WORK TO BE COMPLETED
Starting at the line that contains "Skoda Elroq Image 14" and stopping at the line that contains "emb logo|corporate embroidery logos.", transcribe every line of the material below exactly; pictures stay out.

**** SOURCE DATA

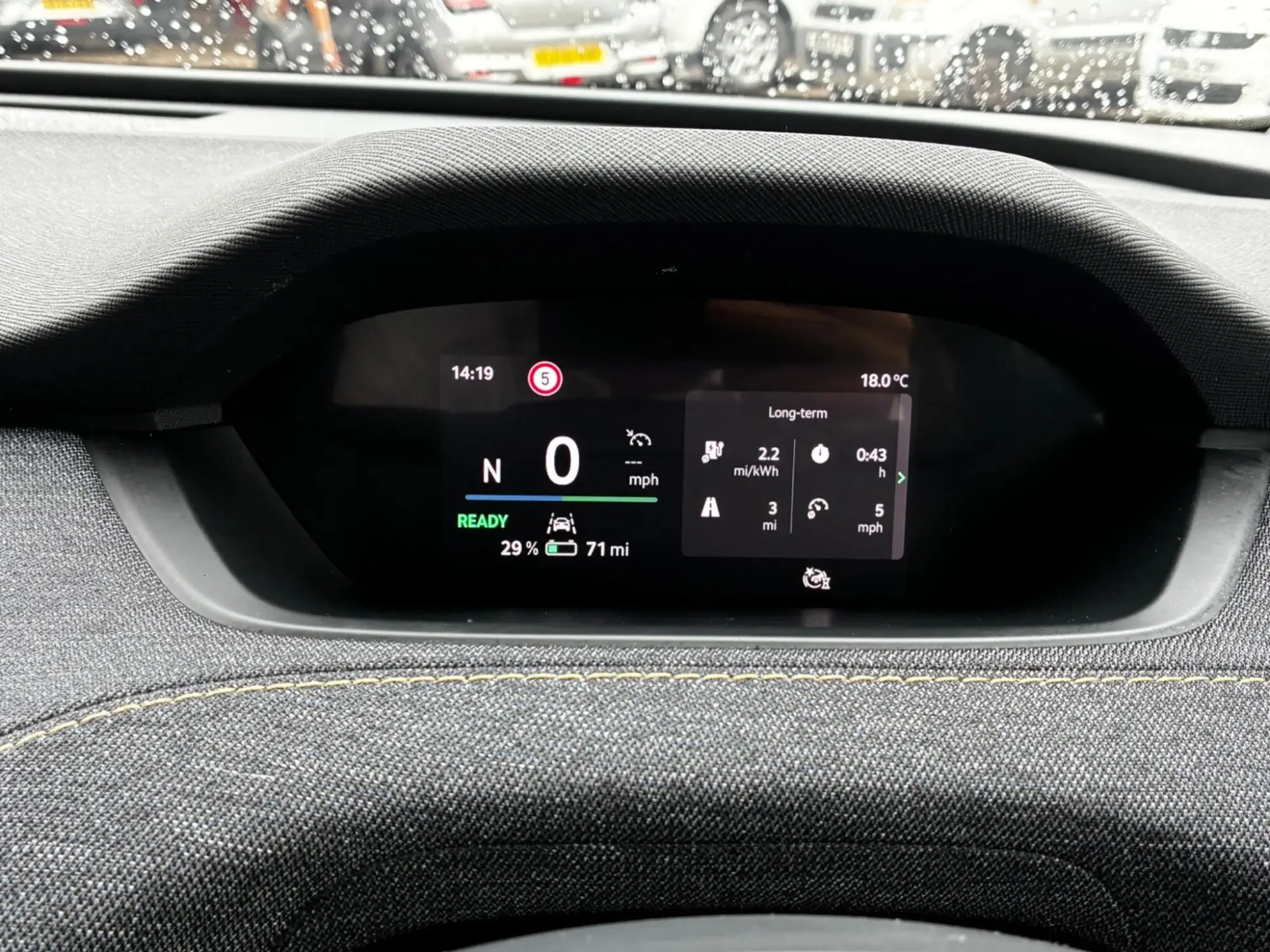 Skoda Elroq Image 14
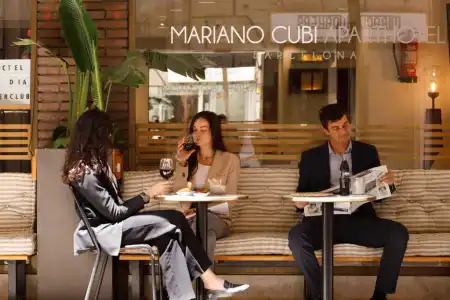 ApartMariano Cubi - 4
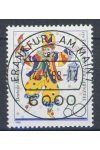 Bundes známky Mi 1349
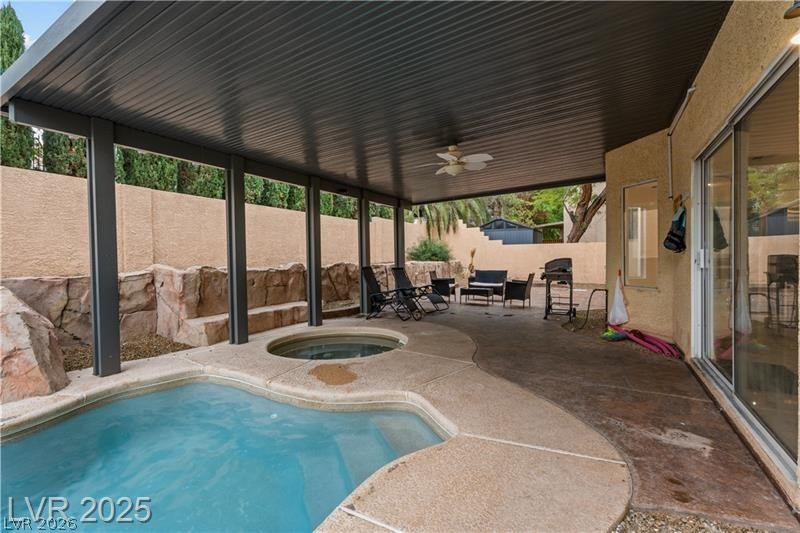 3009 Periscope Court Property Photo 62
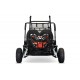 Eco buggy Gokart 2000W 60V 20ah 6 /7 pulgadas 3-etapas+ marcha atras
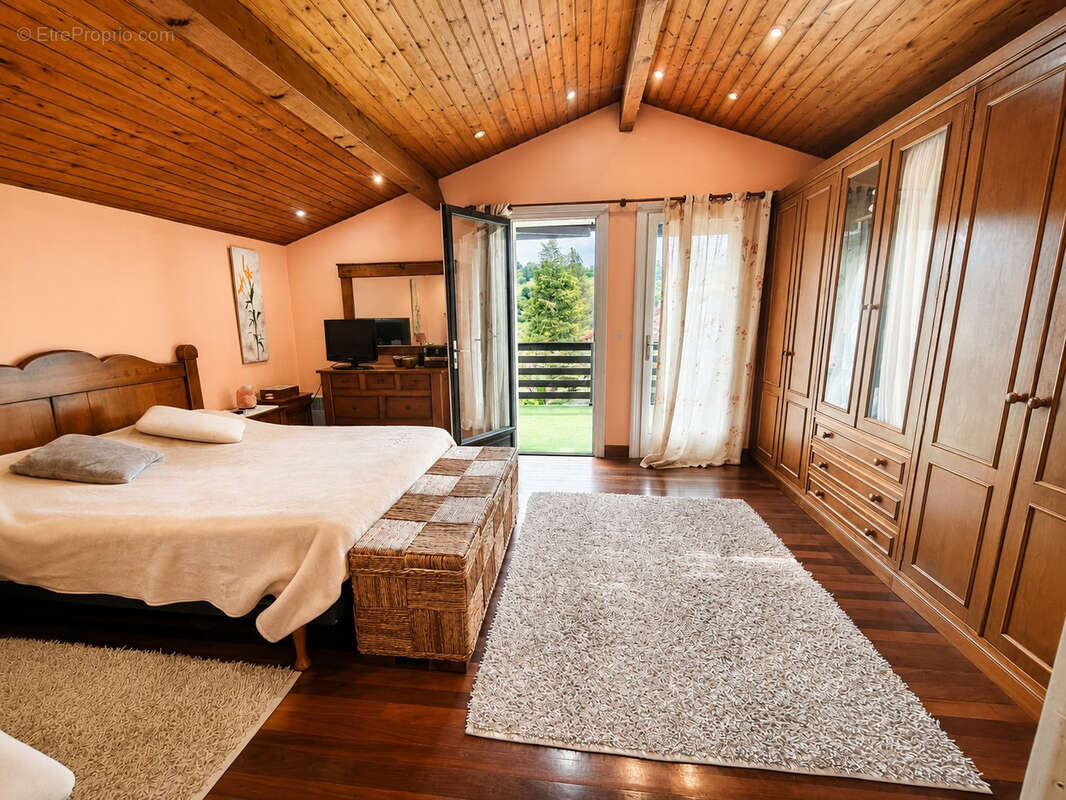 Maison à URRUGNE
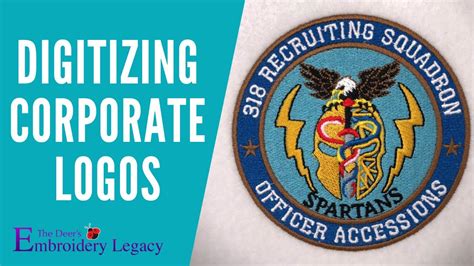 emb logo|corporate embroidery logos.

********
**** SOURCE DATA

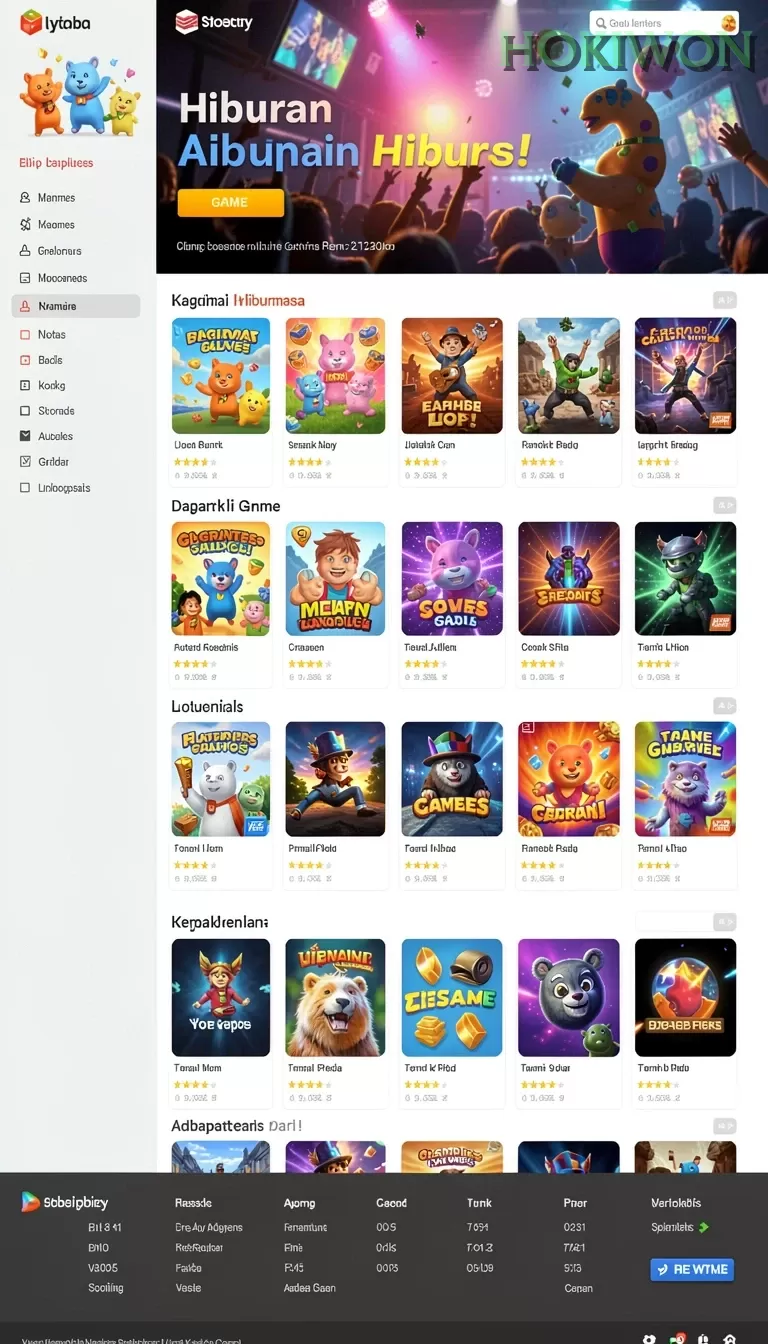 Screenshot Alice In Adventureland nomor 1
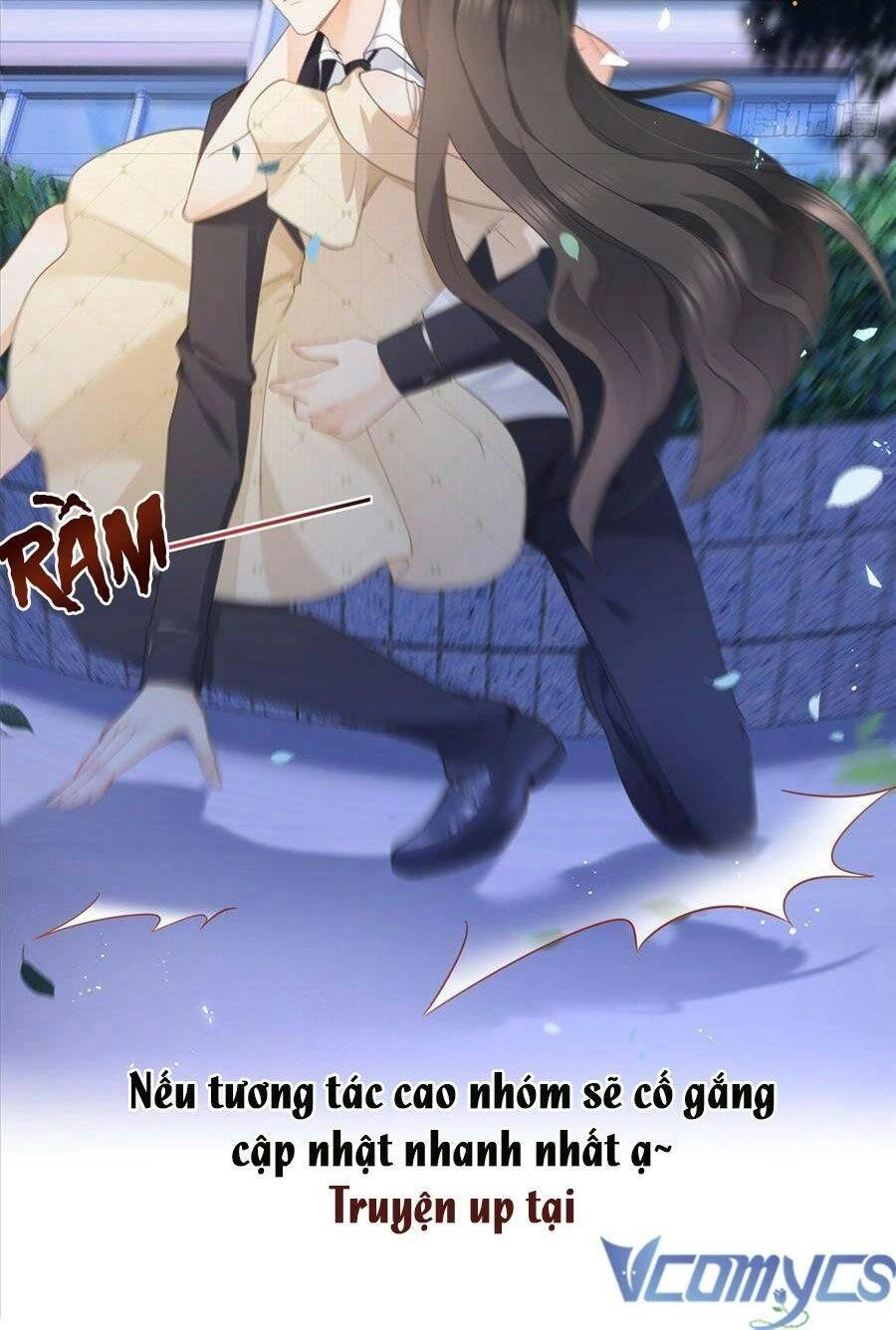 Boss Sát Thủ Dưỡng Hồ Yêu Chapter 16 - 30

********

SOLUTION
 Skoda Elroq Image 14
 ApartMariano Cubi - 4
 Bundes známky Mi 1349
 3009 Periscope Court Property Photo 62
 Eco buggy Gokart 2000W 60V 20ah 6 /7 pulgadas 3-etapas+ marcha atras
 Maison à URRUGNE
 emb logo|corporate embroidery logos.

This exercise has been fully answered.